А Света ничего не замечала. Она шла, держала меня под руку и весело болтала. Училась в институте на культуролога. Диплом писала у Крыщука, он тоже Телец по гороскопу, так что они нашли общий язык. Обухов? Нет, у него не училась, слышала только, что прикольный.
– А Крыщук ко мне подкатывал, прикинь? – мы стояли на перекрестке, у светофора. – Думала, замутить – не замутить. Короче, не стала. Противный он какой-то. Тем более у меня парень тогда появился, с деньгами, лысый такой, голова вытянутая. У него была смешная кличка – Желудь.
Загорелся зеленый свет, мы начали переходить дорогу, и я спросил, где сейчас этот «желудь». Не хотелось лишних проблем.
– Посадили, прикинь, – она поправила меховой воротник куртки. – Меня даже вызывали…
Я перебил ее, заметив, что раз «желудя» посадили, то теперь, наверное, из него вырастет прекрасный дуб, как в «Войне и мире».
Улица, прежде тянувшаяся без витрин, без всяких радостей, после перекрестка как будто решила зажить по-новому и стала оживленнее. Показались пешеходы. По обеим сторонам вместе с витринами явились сияющие вывески: «Табак», «Аптека», «Ремонт мобильных телефонов». Ветер понемногу стал стихать.
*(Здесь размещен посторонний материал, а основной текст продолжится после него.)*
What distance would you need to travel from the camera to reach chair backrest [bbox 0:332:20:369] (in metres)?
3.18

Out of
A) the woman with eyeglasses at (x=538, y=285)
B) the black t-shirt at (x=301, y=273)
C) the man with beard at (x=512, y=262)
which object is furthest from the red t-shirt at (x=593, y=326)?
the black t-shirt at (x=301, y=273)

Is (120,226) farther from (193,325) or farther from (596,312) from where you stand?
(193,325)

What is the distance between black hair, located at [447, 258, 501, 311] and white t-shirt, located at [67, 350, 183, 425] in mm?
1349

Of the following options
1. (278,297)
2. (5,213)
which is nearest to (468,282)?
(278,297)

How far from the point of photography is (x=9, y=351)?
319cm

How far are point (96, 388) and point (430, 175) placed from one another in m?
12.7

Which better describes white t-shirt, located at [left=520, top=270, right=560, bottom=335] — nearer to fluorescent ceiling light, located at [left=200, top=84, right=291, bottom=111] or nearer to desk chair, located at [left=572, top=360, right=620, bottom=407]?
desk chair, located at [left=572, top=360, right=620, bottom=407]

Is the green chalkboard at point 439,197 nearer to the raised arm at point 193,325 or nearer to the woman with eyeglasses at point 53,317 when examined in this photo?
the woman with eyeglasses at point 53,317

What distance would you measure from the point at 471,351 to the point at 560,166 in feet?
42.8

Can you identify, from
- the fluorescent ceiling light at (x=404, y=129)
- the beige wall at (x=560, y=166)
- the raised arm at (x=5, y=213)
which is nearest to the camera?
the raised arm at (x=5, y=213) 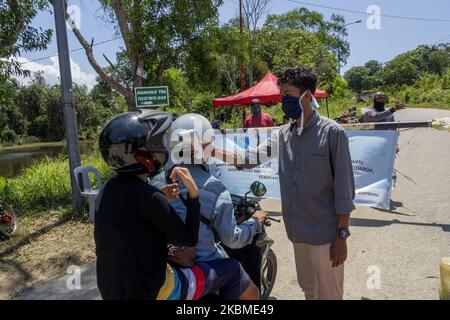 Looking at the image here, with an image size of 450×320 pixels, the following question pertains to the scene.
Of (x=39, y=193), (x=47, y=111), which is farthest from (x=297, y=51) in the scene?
(x=47, y=111)

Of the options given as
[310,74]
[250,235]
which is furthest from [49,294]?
[310,74]

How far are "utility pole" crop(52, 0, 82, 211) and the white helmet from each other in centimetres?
460

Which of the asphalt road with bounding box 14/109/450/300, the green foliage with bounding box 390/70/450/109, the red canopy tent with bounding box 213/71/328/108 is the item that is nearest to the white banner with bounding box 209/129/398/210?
the asphalt road with bounding box 14/109/450/300

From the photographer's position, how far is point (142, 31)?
330 inches

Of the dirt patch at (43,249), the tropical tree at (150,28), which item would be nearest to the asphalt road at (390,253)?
the dirt patch at (43,249)

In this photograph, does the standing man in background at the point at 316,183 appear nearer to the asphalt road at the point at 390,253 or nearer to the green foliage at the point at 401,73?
the asphalt road at the point at 390,253

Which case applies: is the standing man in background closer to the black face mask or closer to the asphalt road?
the asphalt road

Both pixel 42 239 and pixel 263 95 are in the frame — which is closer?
pixel 42 239

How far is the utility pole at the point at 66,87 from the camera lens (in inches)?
248

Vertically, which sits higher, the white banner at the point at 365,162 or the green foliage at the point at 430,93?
the green foliage at the point at 430,93

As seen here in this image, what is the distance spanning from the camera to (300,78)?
2578 millimetres

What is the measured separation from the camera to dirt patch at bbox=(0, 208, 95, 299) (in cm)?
455

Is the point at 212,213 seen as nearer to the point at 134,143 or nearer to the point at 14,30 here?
the point at 134,143

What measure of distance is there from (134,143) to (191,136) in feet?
1.70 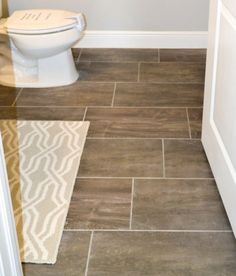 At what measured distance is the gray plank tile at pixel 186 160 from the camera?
7.28 ft

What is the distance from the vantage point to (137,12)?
3541mm

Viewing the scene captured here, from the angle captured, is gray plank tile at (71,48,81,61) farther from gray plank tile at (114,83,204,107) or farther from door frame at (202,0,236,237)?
door frame at (202,0,236,237)

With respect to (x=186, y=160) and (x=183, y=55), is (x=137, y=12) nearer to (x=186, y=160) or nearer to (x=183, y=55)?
(x=183, y=55)

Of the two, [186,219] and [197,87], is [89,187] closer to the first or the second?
[186,219]

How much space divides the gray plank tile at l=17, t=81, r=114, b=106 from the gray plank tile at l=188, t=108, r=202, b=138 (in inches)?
19.8

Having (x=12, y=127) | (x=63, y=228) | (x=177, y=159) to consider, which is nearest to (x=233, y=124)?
(x=177, y=159)

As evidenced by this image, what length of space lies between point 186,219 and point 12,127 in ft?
3.80

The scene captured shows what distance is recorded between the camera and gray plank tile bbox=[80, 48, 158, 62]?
11.4 feet

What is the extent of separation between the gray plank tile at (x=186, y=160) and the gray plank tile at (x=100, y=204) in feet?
0.79

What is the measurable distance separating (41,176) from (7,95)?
0.97 m

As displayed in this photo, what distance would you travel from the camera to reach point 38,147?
96.0 inches

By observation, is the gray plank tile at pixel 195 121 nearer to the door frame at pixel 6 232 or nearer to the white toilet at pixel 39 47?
the white toilet at pixel 39 47

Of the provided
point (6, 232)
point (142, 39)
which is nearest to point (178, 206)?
point (6, 232)

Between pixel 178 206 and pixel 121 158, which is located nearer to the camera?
pixel 178 206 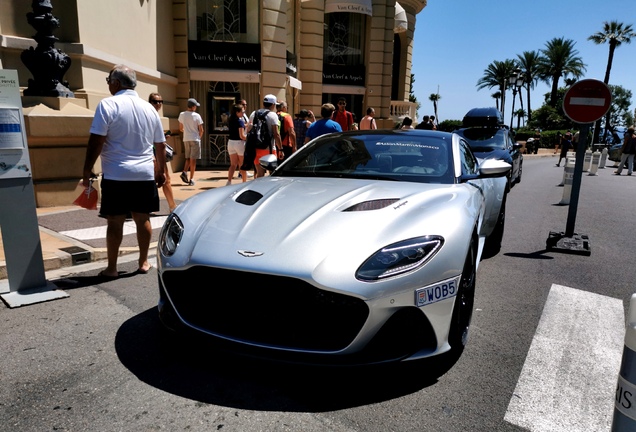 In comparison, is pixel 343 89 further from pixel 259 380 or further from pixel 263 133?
pixel 259 380

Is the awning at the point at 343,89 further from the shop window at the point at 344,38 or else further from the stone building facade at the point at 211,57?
the shop window at the point at 344,38

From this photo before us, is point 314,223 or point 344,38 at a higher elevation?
point 344,38

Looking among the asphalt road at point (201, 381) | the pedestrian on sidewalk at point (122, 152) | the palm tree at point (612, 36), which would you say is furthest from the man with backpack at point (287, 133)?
the palm tree at point (612, 36)

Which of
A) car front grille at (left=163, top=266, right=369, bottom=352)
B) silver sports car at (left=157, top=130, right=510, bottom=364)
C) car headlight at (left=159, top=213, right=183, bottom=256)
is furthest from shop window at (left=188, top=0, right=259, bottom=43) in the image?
car front grille at (left=163, top=266, right=369, bottom=352)

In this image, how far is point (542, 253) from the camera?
6.01 meters

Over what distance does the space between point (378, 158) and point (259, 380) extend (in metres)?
2.06

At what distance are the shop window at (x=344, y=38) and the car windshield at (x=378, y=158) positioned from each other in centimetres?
1914

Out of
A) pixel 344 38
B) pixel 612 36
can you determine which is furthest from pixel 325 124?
pixel 612 36

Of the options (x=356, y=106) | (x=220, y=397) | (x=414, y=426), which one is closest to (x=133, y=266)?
(x=220, y=397)

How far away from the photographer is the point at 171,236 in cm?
304

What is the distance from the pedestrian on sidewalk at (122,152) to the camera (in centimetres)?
412

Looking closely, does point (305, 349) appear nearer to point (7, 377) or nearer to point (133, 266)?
point (7, 377)

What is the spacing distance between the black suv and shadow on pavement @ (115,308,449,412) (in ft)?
27.4

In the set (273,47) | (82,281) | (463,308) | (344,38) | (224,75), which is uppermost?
(344,38) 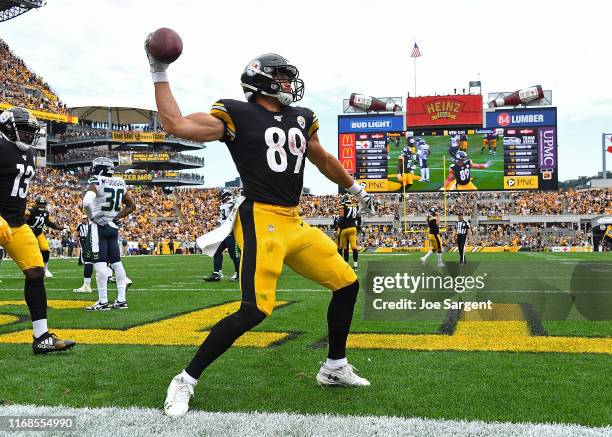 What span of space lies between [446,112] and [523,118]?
15.7 ft

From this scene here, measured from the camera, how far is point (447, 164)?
1470 inches

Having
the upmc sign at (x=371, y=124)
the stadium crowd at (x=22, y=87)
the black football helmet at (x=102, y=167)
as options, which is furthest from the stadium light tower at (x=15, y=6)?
the black football helmet at (x=102, y=167)

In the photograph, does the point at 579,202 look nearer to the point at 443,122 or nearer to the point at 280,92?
the point at 443,122

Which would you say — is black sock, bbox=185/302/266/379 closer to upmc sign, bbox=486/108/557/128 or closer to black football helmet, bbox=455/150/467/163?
black football helmet, bbox=455/150/467/163

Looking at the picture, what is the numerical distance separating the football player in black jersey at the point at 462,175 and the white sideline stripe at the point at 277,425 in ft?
115

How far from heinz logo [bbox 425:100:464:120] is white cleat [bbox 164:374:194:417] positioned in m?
37.1

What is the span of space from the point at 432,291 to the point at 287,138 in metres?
6.55

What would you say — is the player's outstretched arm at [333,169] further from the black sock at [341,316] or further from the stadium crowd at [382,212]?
the stadium crowd at [382,212]

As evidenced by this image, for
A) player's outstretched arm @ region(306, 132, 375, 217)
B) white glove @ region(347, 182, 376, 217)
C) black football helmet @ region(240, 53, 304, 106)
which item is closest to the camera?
black football helmet @ region(240, 53, 304, 106)

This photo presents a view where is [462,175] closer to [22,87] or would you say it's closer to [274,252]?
[274,252]

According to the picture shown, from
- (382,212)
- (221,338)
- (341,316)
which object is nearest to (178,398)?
(221,338)

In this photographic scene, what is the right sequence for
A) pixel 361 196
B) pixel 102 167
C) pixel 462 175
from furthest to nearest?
pixel 462 175
pixel 102 167
pixel 361 196

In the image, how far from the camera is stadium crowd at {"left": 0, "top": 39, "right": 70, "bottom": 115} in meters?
45.6

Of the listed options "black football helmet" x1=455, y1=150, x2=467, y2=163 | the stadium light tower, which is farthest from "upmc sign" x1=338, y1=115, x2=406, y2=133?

Мы прошли два квартала и остановились возле французской размашистой надписи, ловко захватившей два огромных оконных стекла.
– Нам – сюда, – Света потянула деревянную дверь в резных кружевах, над которой болтался манерный шестигранный фонарик.
Внутри, у самого входа стоял улыбчивый официант с толстыми лоснящимися щеками. Он радостно нам кивнул и предложил воспользоваться вешалкой. (Молодые люди столик бронировали? Нет? Ничего страшного, сейчас всё устроим. Вы вдвоем?) Мы освободились от верхней одежды, сели за крошечный стол друг напротив друга и принялись болтать. Вернее, болтала в основном Света, а я больше помалкивал и в тех случаях, когда это было необходимо, многозначительно кивал головой. Света долго рассказывала про подругу (подруга по гороскопу Козерог), которая купила себе недавно новое платье. Примеряла в магазине – вроде бы всё хорошо, а пришла домой – черт-те что и сбоку бантик.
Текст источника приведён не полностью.